Having started the Great Cities Institute a decade ago, I am proud to see
how it has grown, and thrilled to leave it behind in such good shape and
good hands. I thank all my colleagues for the years of collaboration and
fellowship, and wish you all the very best. I can be reached at wim@ubalt.edu,
and hope to stay in touch with many of you on the urban issues that will continue
to provide exciting challenges to both Chicago and Baltimore!

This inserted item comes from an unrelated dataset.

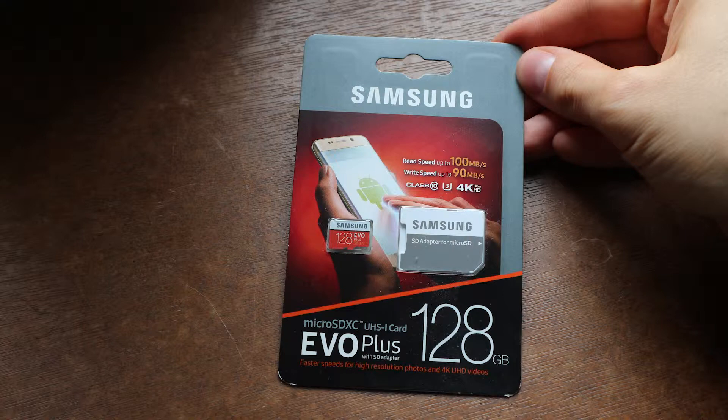Revisiting the packaging: it promises up to 100 megabytes per second read speed and up to 90 megabytes per second write speed. By this they mean ideal conditions, which I suppose is uninterrupted single file placement in a defragmented space.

The Great Cities Institute would like to extend its gratitude to Lauri Alpern, who will be stepping down as Associate Director of GCI to work full-time as the Co-Executive Director of The Enterprising Kitchen (TEK). The Enterprising Kitchen is a social enterprise located in Chicago's Uptown neighborhood that operates a manufacturing company in a effort to provide job training and support services to women. Lauri's work here at the Institute has been truly appreciated as she was here to help establish the original Great Cities Initiative as well as to open the doors to the Great Cities Institute in 1995. She has served as the Associate Director of GCI for the last nine years and will truly be missed.

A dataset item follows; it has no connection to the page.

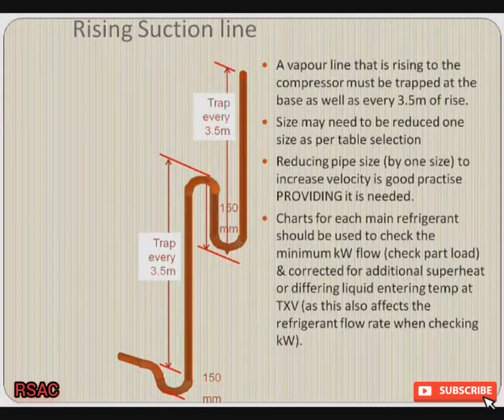Note that the traps are 150 millimeters deep. Every 3.5 meters of rise vertically on a vapor line in terms of suction, you must have an additional trap. That additional trap must also be 150 millimeters deep.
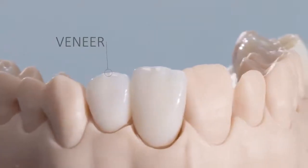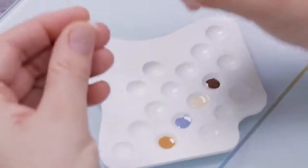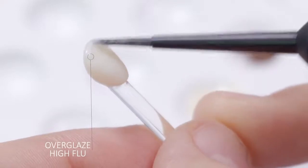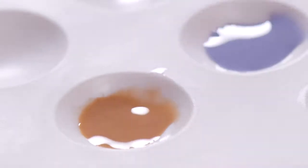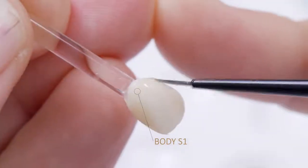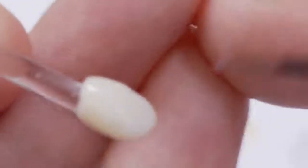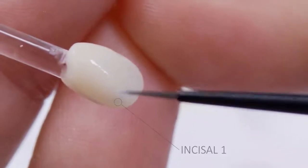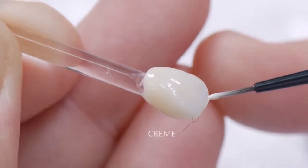When using Cerec Ticera in thin restorations, for example as a veneer, it is advisable to create a resin dye in accordance with the information provided by the dentist. This supports the shade effect of the stains on Cerec Ticera when comparing them with the shade ring. The customized dye also provides a secure basis for placing the glaze and stain during application. Body Stain 1 and Stain Incisal 1 can thus be applied in a lifelike manner. Here too, the additional effect of light refraction can be created with the Stain Cream.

This first issue of intimate portraits: a literary space for community voices journal, supported by the partnership between Suder Elementary School and the UIC Neighborhoods Initiative, has just been printed. This is a literacy initiative of the UIC Neighborhoods Initiative, based on the work of Hal Adams and his work with the UIC College of Education's Community Writing Project, where writing workshops were held for "people who do not ordinarily consider themselves to be writers, and publishes their reflections on everyday life in the magazine Real Conditions." In a similar vein, and in consultation with Hal Adams, intimate portraits seeks to provide a literary space for community residents to express their voices - thoughts, feelings, and experiences - in writing. Writing sessions, which began in January 2004, were held every Thursday from 11:30am-1:30pm at Suder Elementary School. During these sessions, parents of students at Suder School engaged in conversations and reflections that revolved around issues parents were facing in the community, personal experiences, and/or other topics as they were raised by the authors. As the parents were encouraged to put their thoughts on paper, workshops were held on learning writing strategies such as how to begin writing, writing letters, personal journaling, and literary devices to help the authors discover the various ways one can express one's thoughts.

A reading of this issue is scheduled to be held at Suder Elementary School (2022 W. Washington Blvd.) on Thursday, June 3, at 11:30am-1:30pm.

For further information, and if you would like a copy of the journal, please contact Chang Lee at 312.996.4617 or clee10@uic.edu.


People

Cynthia Barnes-Boyd, Director, UIC Neighborhoods Initiative, has accepted the co-PI position on the Chicago Department of Public Health REACH 2010 grant from CDC. She will continue to direct the multi-university evaluation of this project that focuses on eliminating disparities in cardiovascular disease and diabetes in the north and south Lawndale communities of Chicago.

Irma Olmedo, Faculty Scholar, will be giving a lecture at the Free University of Berlin in June. The title of the lecture is "Crossing Borders of Language and Culture in the United States" and it will be based on research she conducted in Chicago schools under the Great Cities Faculty Scholar award.

GCI would like to announce its new staff member, Wm. Dustin Cantrell, Visiting Research Specialist, for the "Health Care Needs of Addicted Criminal Offenders" research project that is funded by the National Institute on Drug Abuse. Dustin holds an MA in Anthropology from Ball State University. Before becoming involved with GCI, he spent several years working directly with adolescents struggling with mental health and substance abuse issues and teaching college courses in Indiana State Prisons. In addition to his work at GCI, he is currently an Adjunct Professor of Anthropology at Indiana University Northwest in Gary, Indiana.

John Hagedorn, Faculty Fellow, and Brigid Rauch presented a paper, "Housing and Homicide" at the Chicago Conference on Research and Public Policy on May13th.